(Adnkronos) – Pagare l’affitto o comprare casa? E’ il dilemma con il quale prima o poi chiunque si dovrà confrontare. Ma da oggi c’è una voce in più nella lista dei ‘pro’ dell’essere proprietari e per gli affittuari una voce in più nella lista dei contro. Parola di scienziati. Secondo uno studio pubblicato sul ‘Journal of Epidemiology & Community Health’ (gruppo Bmj), chi vive in affitto va incontro a un più rapido ‘invecchiamento biologico’. L’impatto dell’appuntamento fisso col canone mensile (rispetto a non averlo) pesa il doppio dell’essere disoccupati rispetto ad avere un lavoro, tra l’altro. A firmare lo studio sono ricercatori dell’università di Adelaide, in Australia, e dell’University of Essex a Colchester (UK). “Fortunatamente questi effetti sono reversibili”, rassicurano gli autori, evidenziando dunque l’importanza delle politiche abitative nel miglioramento della salute.
In pratica, liberarsi dell’immancabile prelievo che alleggerisce il conto e appesantisce i pensieri quotidiani regalerebbe anni di vita. Numerosi aspetti che hanno a che fare con l’edilizia residenziale sono associati alla salute fisica e mentale, tra cui il freddo, la muffa, l’affollamento, il rischio di lesioni, lo stress, lo stigma. Ma il modo esatto in cui potrebbero esercitare i loro effetti non è del tutto chiaro, dicono i ricercatori che, per esplorare ulteriormente questo aspetto, hanno guardato all’epigenetica, cioè a come fattori ambientali possono alterare il modo in cui funzionano i geni.

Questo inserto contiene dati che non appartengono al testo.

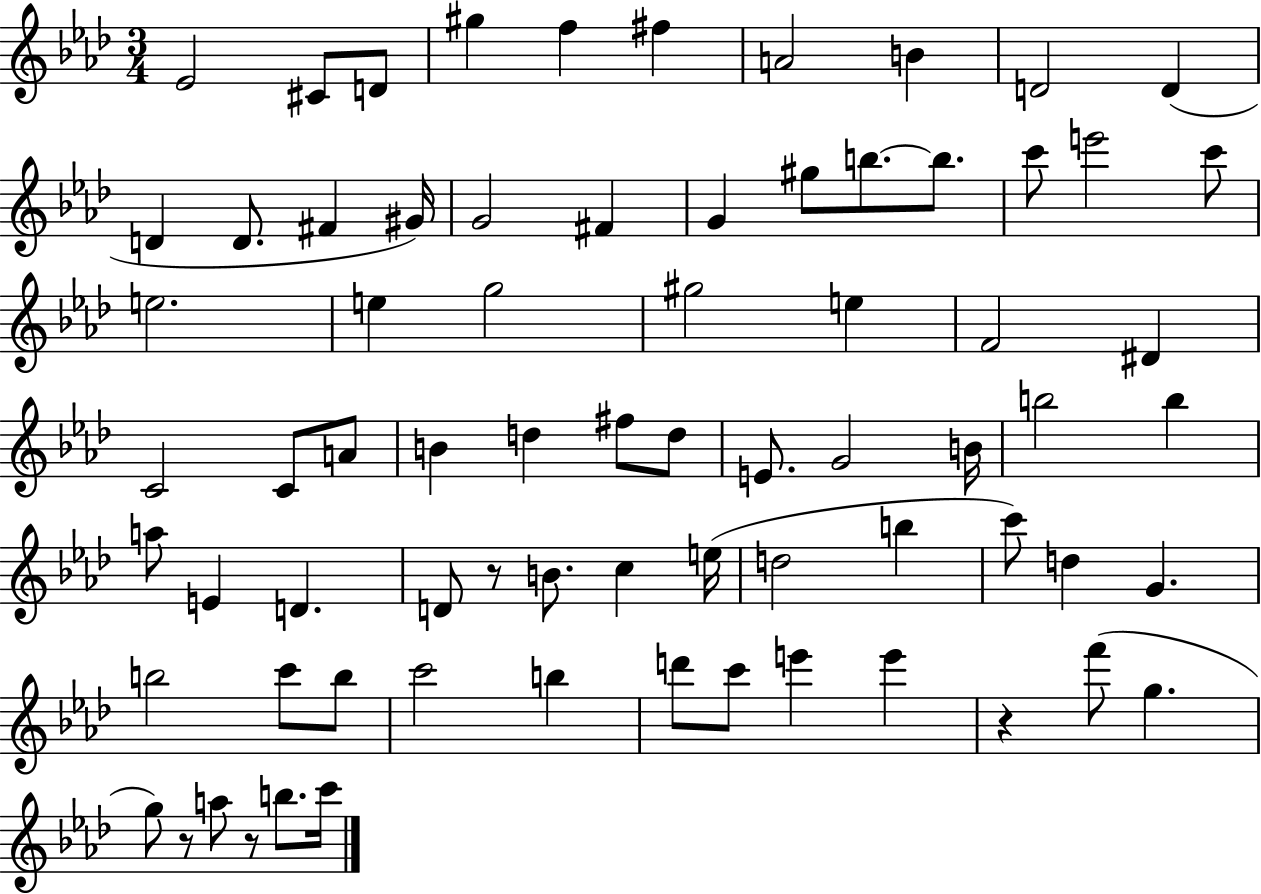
Eb4/h C#4/e D4/e G#5/q F5/q F#5/q A4/h B4/q D4/h D4/q D4/q D4/e. F#4/q G#4/s G4/h F#4/q G4/q G#5/e B5/e. B5/e. C6/e E6/h C6/e E5/h. E5/q G5/h G#5/h E5/q F4/h D#4/q C4/h C4/e A4/e B4/q D5/q F#5/e D5/e E4/e. G4/h B4/s B5/h B5/q A5/e E4/q D4/q. D4/e R/e B4/e. C5/q E5/s D5/h B5/q C6/e D5/q G4/q. B5/h C6/e B5/e C6/h B5/q D6/e C6/e E6/q E6/q R/q F6/e G5/q. G5/e R/e A5/e R/e B5/e. C6/s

Gli esperti sono partiti dai dati di indagini sociali: hanno estratto informazioni sugli elementi materiali dell’abitazione dall’Uk Household Longitudinal Study (Ukhls) e ne hanno raccolte altre di carattere sanitario e sulle circostanze storiche degli alloggi dai 1.420 intervistati del British Household Panel Survey (Bhps). Sono stati poi prelevati campioni di sangue per l’analisi della metilazione del Dna. Analizzando tutti i dati, gli autori hanno tenuto conto anche di fattori potenzialmente influenti (sesso, nazionalità, livello scolastico, status socioeconomico, dieta, stress, difficoltà finanziarie, e così via). E sono arrivati a dimostrare che vivere in una casa affittata era associato a un invecchiamento biologico più rapido.
Inoltre, l’impatto dell’affitto rispetto alla proprietà diretta (senza mutuo) è stato quasi il doppio di quello dell’essere senza lavoro piuttosto che impiegato. Il peso era anche maggiore del 50% rispetto a quello dell’essere ex fumatore rispetto a chi non aveva mai fumato. Il mix poi di altri elementi legati all’abitazione – come ripetuti arretrati, esposizione all’inquinamento, problemi ambientali – veniva associato a un invecchiamento biologico più rapido. Tuttavia, precisano gli esperti, vivere in alloggi sociali, con costi inferiori e una maggiore sicurezza, non era diverso dalla casa di proprietà in termini di associazione con l’invecchiamento biologico.
I ricercatori precisano che si tratta di uno studio osservazionale e, come tale, non può stabilirne la causa. E, pur riconoscendo dei limiti alle loro scoperte, concludono: “I nostri risultati suggeriscono che le difficili circostanze abitative influiscono negativamente sulla salute attraverso un invecchiamento biologico più rapido. Ciò che significa essere un affittuario privato non è scolpito nella pietra ma dipende dalle decisioni politiche, che fino ad oggi hanno dato priorità ai proprietari e agli investitori rispetto agli affittuari. Politiche per ridurre lo stress e l’incertezza associati agli affitti privati, come la limitazione degli sfratti e degli aumenti del canone mensile e il miglioramento di alcune condizioni potrebbe contribuire in qualche modo a ridurre gli impatti negativi degli affitti privati”.